— RECORDS —
= = =

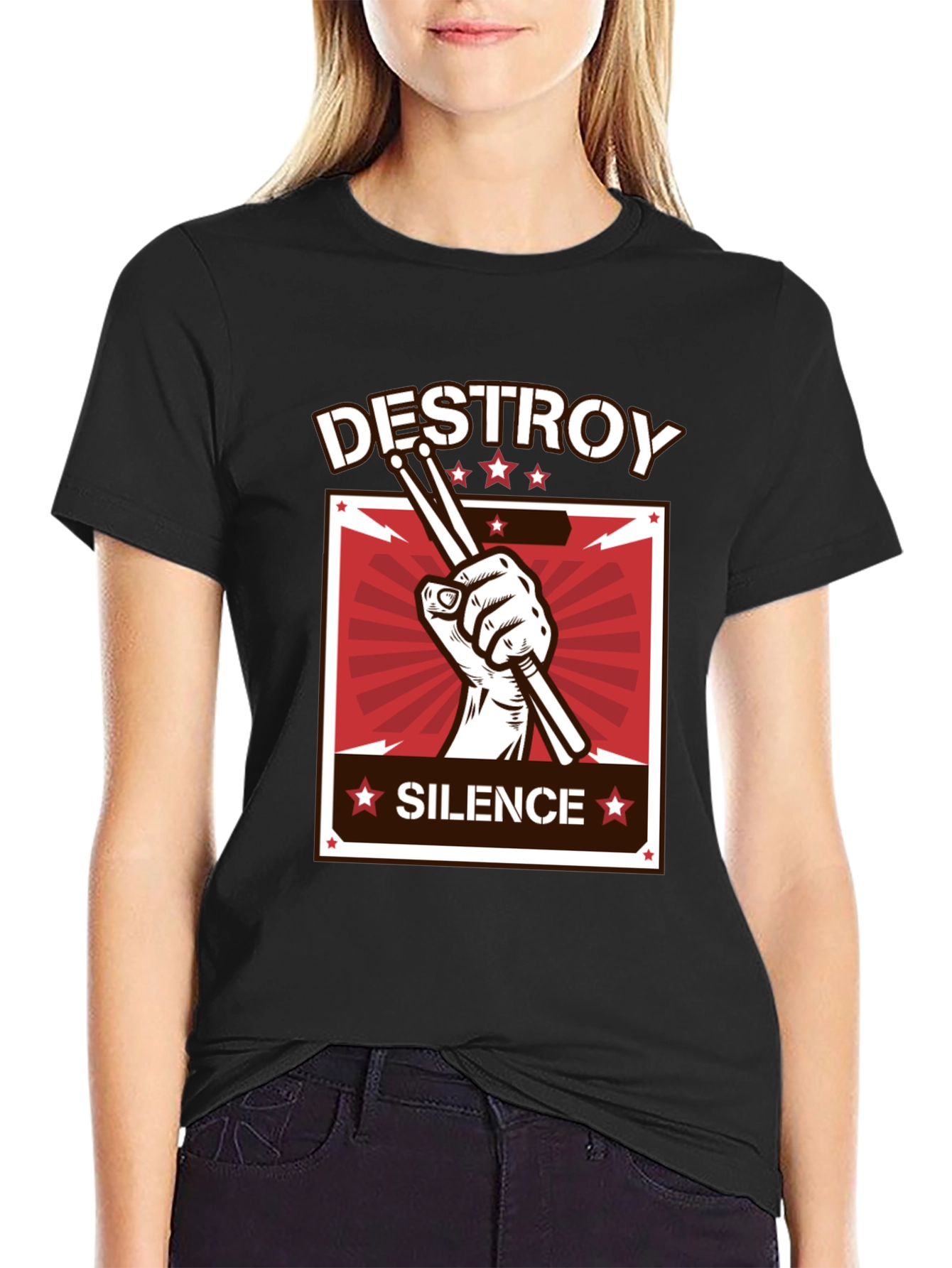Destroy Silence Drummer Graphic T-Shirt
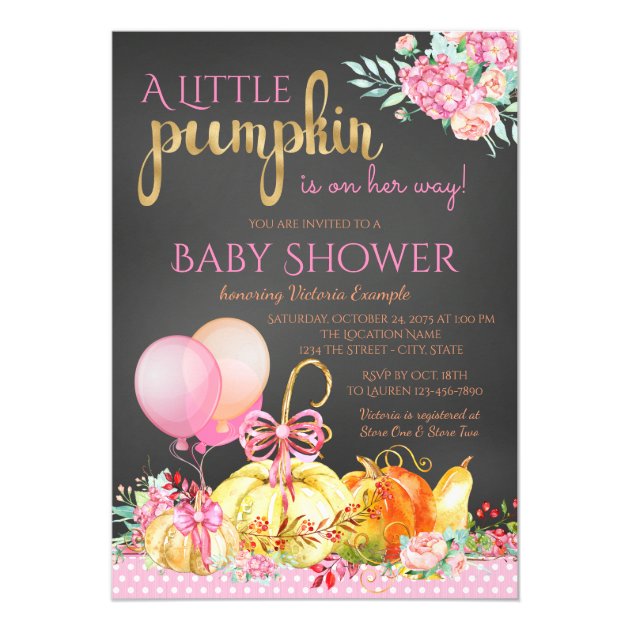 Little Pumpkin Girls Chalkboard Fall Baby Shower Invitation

= = =

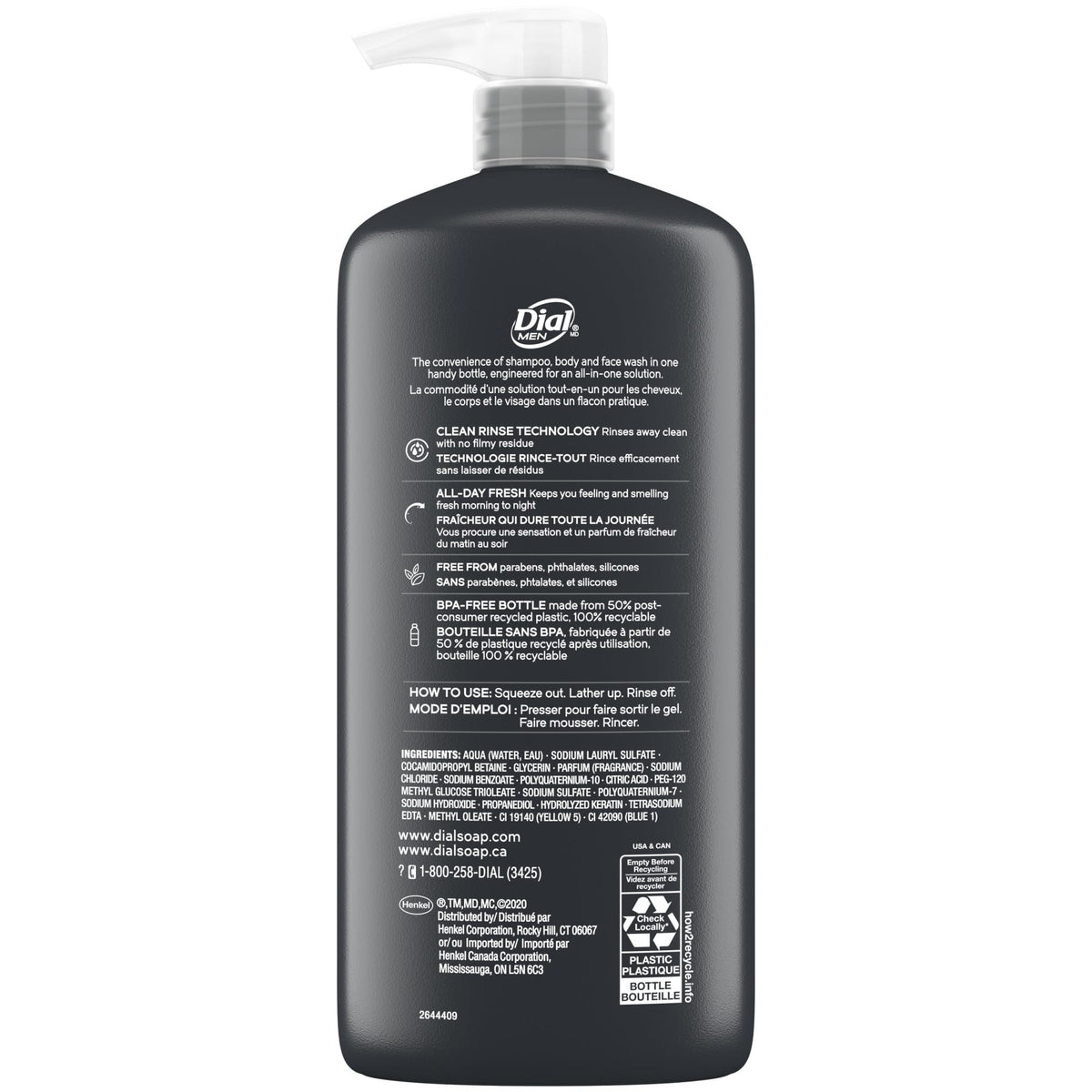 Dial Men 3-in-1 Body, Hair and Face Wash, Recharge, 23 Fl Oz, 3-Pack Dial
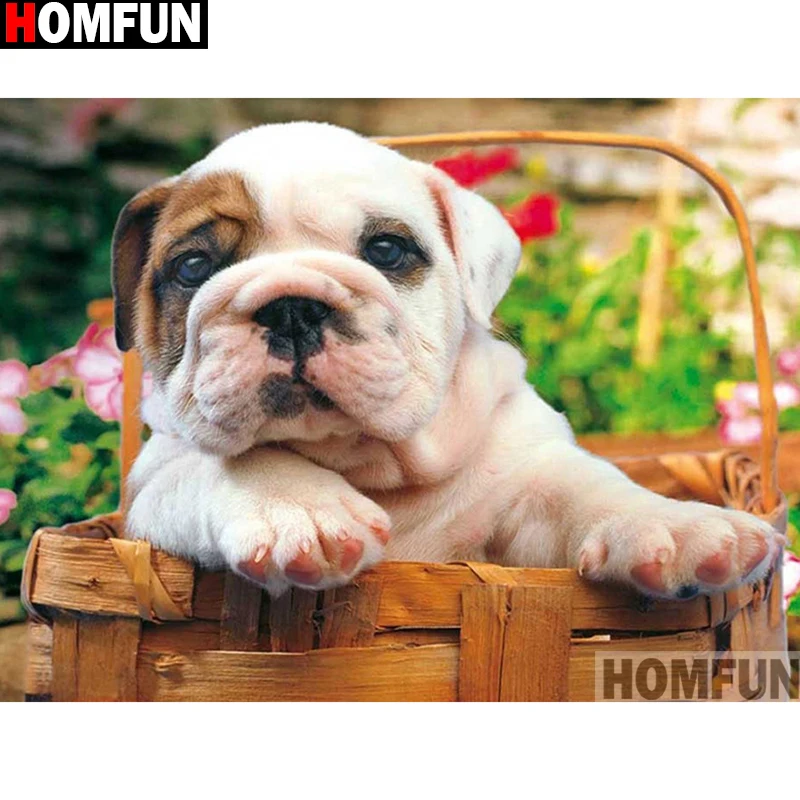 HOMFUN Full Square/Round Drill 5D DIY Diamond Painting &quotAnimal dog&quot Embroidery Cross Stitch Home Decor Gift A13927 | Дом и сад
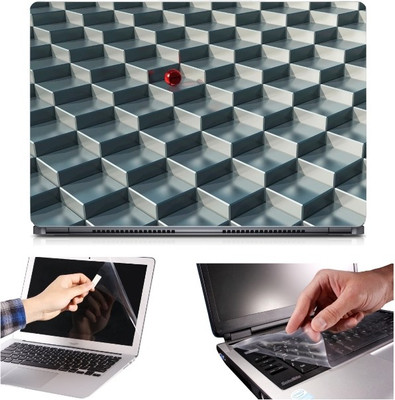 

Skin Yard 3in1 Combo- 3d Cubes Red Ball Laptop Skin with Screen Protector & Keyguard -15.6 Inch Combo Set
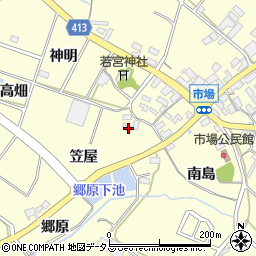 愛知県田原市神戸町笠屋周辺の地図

= = =

Please output, exactly as written, the lines above from the one holding "Destroy Silence Drummer Graphic T-Shirt" through the one holding "Little Pumpkin Girls", both included, with the pictures omitted.

— EXERCISE ANSWER —
Destroy Silence Drummer Graphic T-Shirt
 Little Pumpkin Girls Chalkboard Fall Baby Shower Invitation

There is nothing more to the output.